O segredo cool do Bonjardim

Chamaram-lhe "cool" e a Time Out pô-la no 3.º lugar entre as ruas mais cool do mundo. Parece um troféu leve, coisa de revista. Mas "cool", numa rua, não é maquilhagem: é pulso, é cidade em modo íntimo, porque só é cidade a que está ao nível dos olhos e dos pés.

Uma rua cool segura vários tempos sem rasgar nenhum. A tradição não fica em museu e a novidade não chega de bulldozer. É espaço de conversa. E aqui há fricção boa: cheiro de pão quente ao lado do som de obras, a voz do vizinho a cruzar- se com o olhar de quem chega. E há acaso: encontros, surpresas, pequenas alegrias a meio do caminho. No Bonjardim, a mistura é visível e comestível: a Flor do Bonjardim adoça manhãs há décadas; o Pretinho do Japão, mercearia reinventada, prova que o comércio antigo pode ganhar futuro; a Regaleira serve o Porto de sempre, entre um Porto que muda; e as bifanas da Conga, com picante, mantêm fila, rumor e identidade.

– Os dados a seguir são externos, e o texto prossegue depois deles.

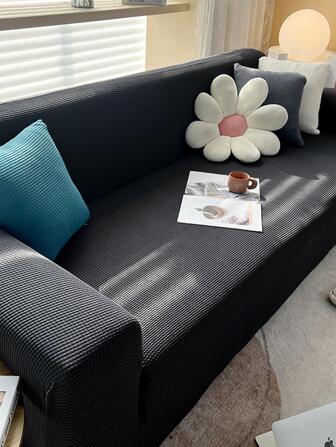 1入組素色沙發套帶1入組靠墊套，現代滌綸多尺寸彈力沙發套，適合家居，四季皆宜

Há também um lado quase secreto: esta rua é linha de continuidade, costura entre zonas e modos de vida, liga a Baixa turística ao Porto do dia-a-dia sem perder ninguém pelo caminho. Há pressa e pausa, quem passa e quem pertence, tudo no mesmo passeio. Por isso, o prémio faz sentido. O Bonjardim é cool porque é útil, diverso, habitado, numa rua onde a vida cabe. E uma rua só é realmente cool quando, nesta simbiose de usos e funções, se emite energia humana.

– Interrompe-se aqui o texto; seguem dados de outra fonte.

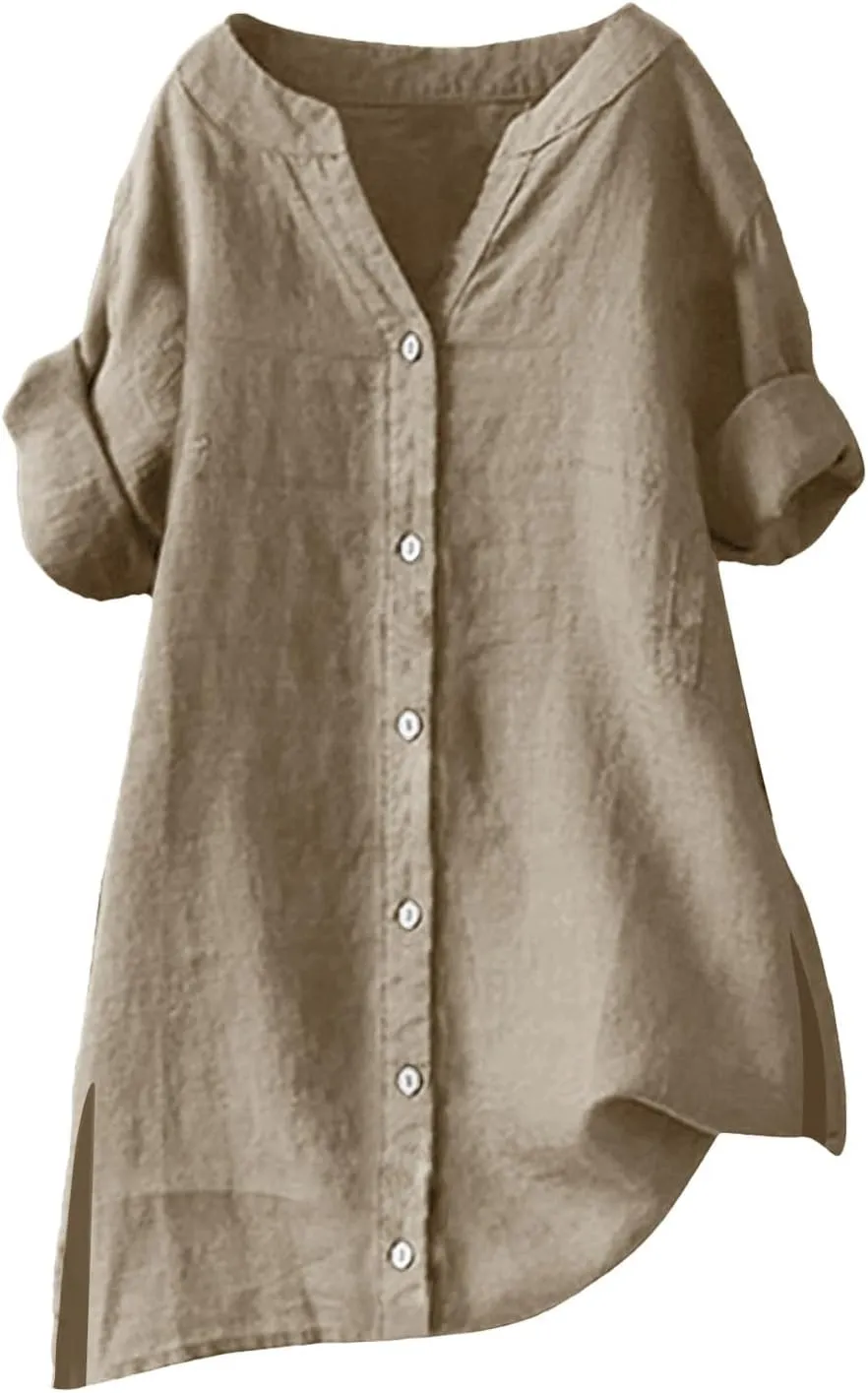 2025 Linen Shirts for Women Loose Fit Button Down Notch Collar Casual Tops Roll Up Short Sleeve Side Split Blouses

Agora vem a parte difícil: como continuar a sê-lo. Ser cool, depois de ser eleito, é um enorme desafio urbano. Não liga com lojas de souvenirs ou outros comércios globais. Exige cuidado fino de mobilidade, rendas, comércio, de quem fica e de quem chega, para que a etiqueta não mate a alma que a criou.